**DATA EXCERPT**

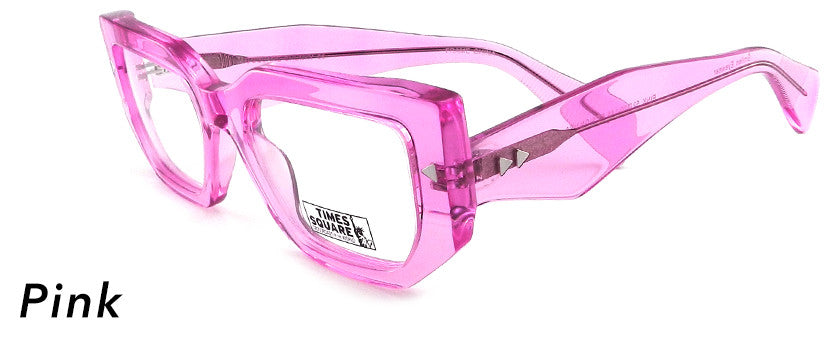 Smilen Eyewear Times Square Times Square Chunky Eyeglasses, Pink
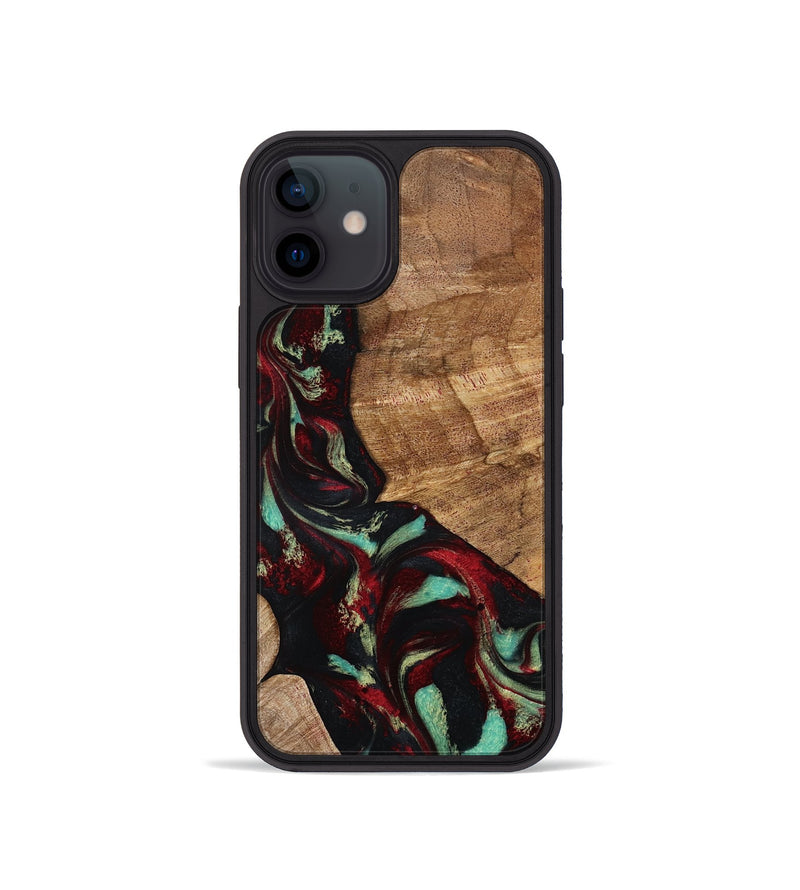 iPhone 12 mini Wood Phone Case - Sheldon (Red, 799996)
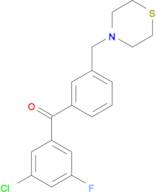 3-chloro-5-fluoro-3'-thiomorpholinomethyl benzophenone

**TASK STATEMENT**
Restate the listing above word for word, and skip the pictures.

**EXERCISE RESPONSE**
 Smilen Eyewear Times Square Times Square Chunky Eyeglasses, Pink
 iPhone 12 mini Wood Phone Case - Sheldon (Red, 799996)
 3-chloro-5-fluoro-3'-thiomorpholinomethyl benzophenone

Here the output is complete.